Closed fpkamp closed 9 months ago
@mikehardy , what caught my eyes is really huge simulator log. I noticed that tests run in debug mode. can we try to either disable logging or reduce them to release ?
I collected logs from macos-12 and macos-13 and parsed them by Microsoft LogParser using the following query
SELECT COUNT(*) AS Total, SUBSTR(EXTRACT_PREFIX(Field1,0,'['),24) AS Service FROM 'C:\i\simulator-log\13\simulator.log'
WHERE Field1 like '2023%'
GROUP BY Service
ORDER BY Total DESC
something interesting with SpringBoard. what's that )) ?
(well, I suspect it might be a regression on XCode itself or some side effect of running simulators on virtualized hardware, @NorseGaud do you have any idea why SpringBoard can be that noisy under anka platform maybe ?)
the most noisy SpringBoard
activity is [com.apple.xpc:connection]
as for "xpc connection" ....
@mikehardy , what caught my eyes is really huge simulator log. I noticed that tests run in debug mode. can we try to either disable logging or reduce them to release ?
Well, anything is possible @ilia-shipitsin :-) - my use case for the simulator.log is so that I can troubleshoot things like this when they go wrong though - it is not always our app, sometimes it is some rogue networking thing though, and the simulator.log is how it is discovered - as you've done (awesome by the way)
I'm willing to try anything but I don't know how I'll do a more efficient job than you are already doing on the fork. From the perspective of our workflows the simulator.log is not used as any sort of end product it is just for troubleshooting, so you could disable the simuator.log capture / zip / upload entirely and our workflow would still be doing it's job (assuming there wasn't an app crash where I needed to grab the stack trace...)

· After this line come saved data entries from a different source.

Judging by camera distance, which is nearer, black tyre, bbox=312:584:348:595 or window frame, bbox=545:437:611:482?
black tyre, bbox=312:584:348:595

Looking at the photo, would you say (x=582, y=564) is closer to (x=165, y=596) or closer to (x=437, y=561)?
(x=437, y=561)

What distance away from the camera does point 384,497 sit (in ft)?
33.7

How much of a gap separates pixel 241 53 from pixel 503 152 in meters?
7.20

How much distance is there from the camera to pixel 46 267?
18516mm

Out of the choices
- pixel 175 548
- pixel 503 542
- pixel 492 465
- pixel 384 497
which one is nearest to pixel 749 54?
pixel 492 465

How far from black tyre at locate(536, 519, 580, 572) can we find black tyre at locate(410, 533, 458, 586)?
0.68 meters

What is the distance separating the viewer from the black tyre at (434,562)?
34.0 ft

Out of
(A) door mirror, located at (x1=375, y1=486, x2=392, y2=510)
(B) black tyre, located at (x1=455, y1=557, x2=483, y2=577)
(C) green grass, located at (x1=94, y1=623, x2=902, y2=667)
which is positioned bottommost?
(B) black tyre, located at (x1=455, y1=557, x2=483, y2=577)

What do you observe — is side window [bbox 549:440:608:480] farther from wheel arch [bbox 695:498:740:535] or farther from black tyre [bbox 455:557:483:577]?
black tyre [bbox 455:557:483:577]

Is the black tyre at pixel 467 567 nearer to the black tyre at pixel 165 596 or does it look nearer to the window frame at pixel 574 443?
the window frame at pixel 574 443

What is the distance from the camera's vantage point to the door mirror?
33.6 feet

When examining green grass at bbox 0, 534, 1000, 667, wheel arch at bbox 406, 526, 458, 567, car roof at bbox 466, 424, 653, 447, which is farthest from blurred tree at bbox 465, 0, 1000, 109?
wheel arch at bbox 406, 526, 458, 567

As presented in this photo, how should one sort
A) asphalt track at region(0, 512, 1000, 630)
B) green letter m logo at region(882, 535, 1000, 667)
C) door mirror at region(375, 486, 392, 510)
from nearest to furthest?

I'm going to guess though, disabling the simulator log will provide a substantial speedup by removing IO, but if you assume that the job is compute-bound and the IO is streaming/buffered then my guess is the macos13/Xcode15/ios17 slowdown we are all seeing is because the Simulator's networking/springboard subsysytem is doing something terrible that is also CPU heavy, so the speedup will not be nearly enough to get back to macOS12/Xcode14/ios16 levels
https://developer.apple.com/documentation/xpc/1448777-xpc_connection_cancel - XPC is some interprocess communication, not sure which processes are trying to communicate and/or why it's failing but something is definitely not happy on these new versions of the iOS simulator stack
@mikehardy , we did more investigation (will provide result later). also, we tried to run react-native-firebase on arm64 (also virtualized) runner
https://github.com/bbq-beets/react-native-firebase/actions/runs/7030335355/job/19129684183
as far as I understand, arm64 does not support nested virtualization, but it should only affect android simulators, not iOS.

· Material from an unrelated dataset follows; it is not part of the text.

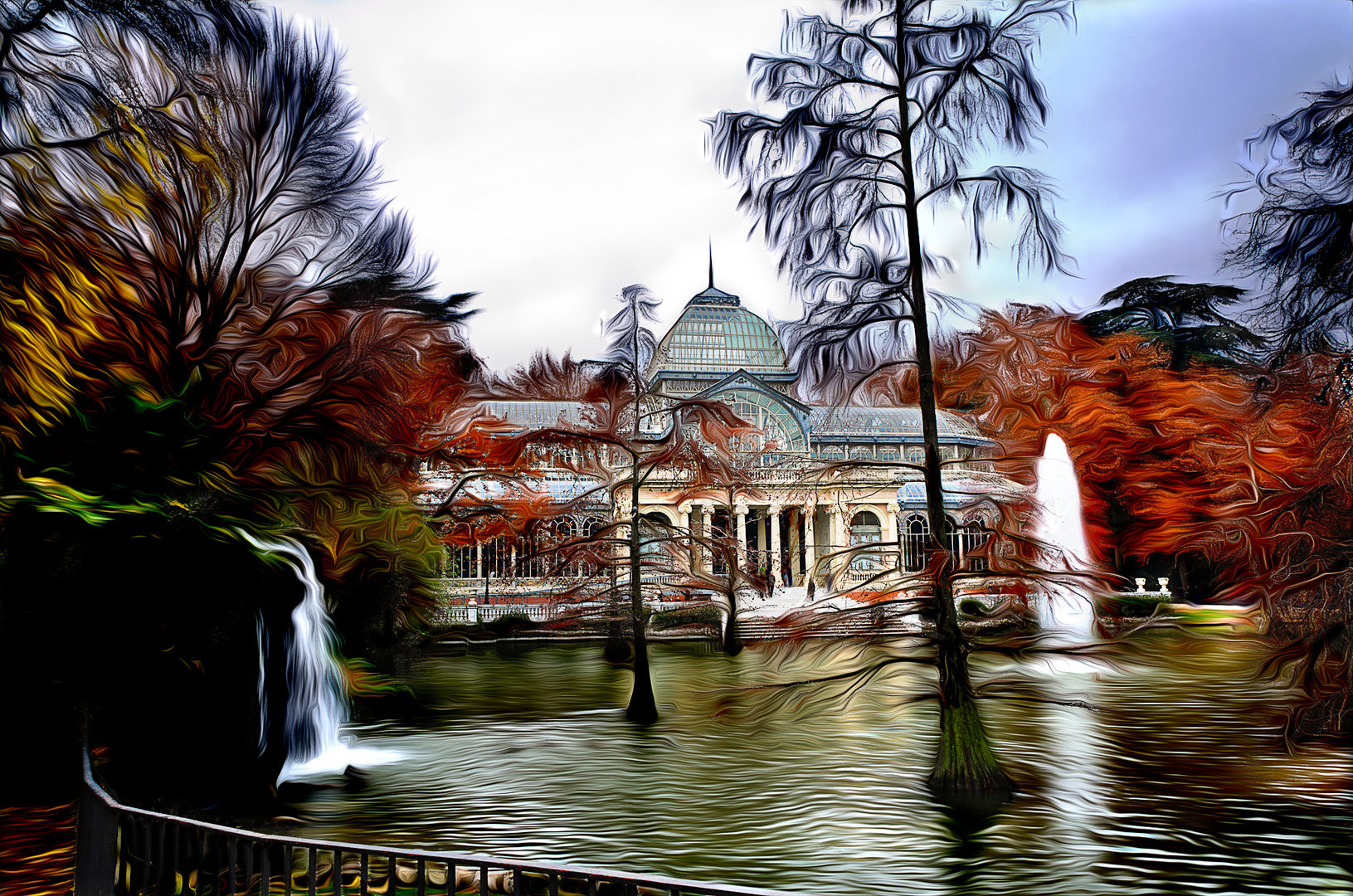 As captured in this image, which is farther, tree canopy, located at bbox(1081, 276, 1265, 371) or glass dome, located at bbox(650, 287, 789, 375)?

can we add some debug to find why 09:45:59.561 detox[12510] ERROR: [APP_UNREACHABLE] Detox can't seem to connect to the test app(s)!
?
@ilia-shipitsin sorry for the delay!
The test app connection is the last step in a wobbly tower of things that have to go correctly, it happens when the test infrastructure correctly requests Simulator start, the operating system has started the simulator correctly, the simulator has booted completely and the test infrastructure can see it is up, then the test infrastructure has correctly loaded the app on to the simulator and asked it to start and finally the app itself has started completely and fetched the javascript bundle from the bundle server, loaded it and started executing
Determining why it did not start is what the simulator.log running in Debug is for :-)
I look for a few markers to see what stage things got to. One is the case-insensitive string "crashlytics" - if this never shows up, the app native code never booted and ran so as a binary search, we're looking at simulator startup failure or app load/start failure (where failure may be timeout / just took too long)
If "crashlytics" shows up then things should start happening pretty quickly and I search for the app name and/or "react" and/or "rnfb" to see if the javascript bundle loaded and app components started loading and getting chatty
My guess is this was just more poor performance (a 2GB+ log file! ouch) meaning things were happening slowly enough that the test infrastructure considered it a failure and timed it out
Hey, I'm dealing with similar issues using macos-13-xlarge
(i.e. running on M1).
I was unable to get Detox to work using multiple workers.
Apparently it fails too boot the simulators, or they are really slow.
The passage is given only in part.